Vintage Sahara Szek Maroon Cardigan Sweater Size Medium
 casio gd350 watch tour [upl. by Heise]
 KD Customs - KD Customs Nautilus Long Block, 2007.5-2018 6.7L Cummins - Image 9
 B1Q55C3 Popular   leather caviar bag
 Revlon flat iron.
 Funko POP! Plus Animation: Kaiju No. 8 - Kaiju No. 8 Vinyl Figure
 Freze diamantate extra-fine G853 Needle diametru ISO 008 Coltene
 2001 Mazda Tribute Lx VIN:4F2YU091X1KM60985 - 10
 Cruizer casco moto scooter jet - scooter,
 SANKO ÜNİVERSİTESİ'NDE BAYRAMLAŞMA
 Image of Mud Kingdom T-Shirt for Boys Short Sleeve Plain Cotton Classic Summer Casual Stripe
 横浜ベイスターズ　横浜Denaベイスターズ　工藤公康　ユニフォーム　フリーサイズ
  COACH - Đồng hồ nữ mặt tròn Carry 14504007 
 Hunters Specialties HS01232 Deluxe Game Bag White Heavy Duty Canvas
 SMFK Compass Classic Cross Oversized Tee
----
Requirement
Copy each line from the data above that includes "Classic".

Task response
 Image of Mud Kingdom T-Shirt for Boys Short Sleeve Plain Cotton Classic Summer Casual Stripe
 SMFK Compass Classic Cross Oversized Tee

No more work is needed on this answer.